The listing below is to be given again in full and word for word, without its images.

MATERIAL PROVIDED
-*-
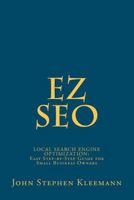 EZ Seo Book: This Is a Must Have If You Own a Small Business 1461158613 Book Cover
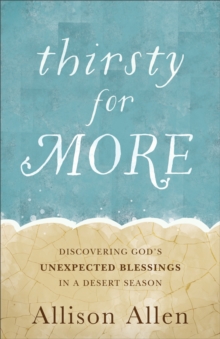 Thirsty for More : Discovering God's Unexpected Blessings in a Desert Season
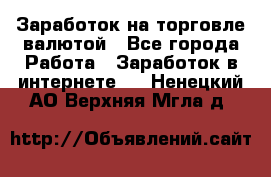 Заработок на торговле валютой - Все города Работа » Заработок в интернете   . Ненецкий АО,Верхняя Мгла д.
-*-
WRITTEN ANSWER
 EZ Seo Book: This Is a Must Have If You Own a Small Business 1461158613 Book Cover
 Thirsty for More : Discovering God's Unexpected Blessings in a Desert Season
 Заработок на торговле валютой - Все города Работа » Заработок в интернете   . Ненецкий АО,Верхняя Мгла д.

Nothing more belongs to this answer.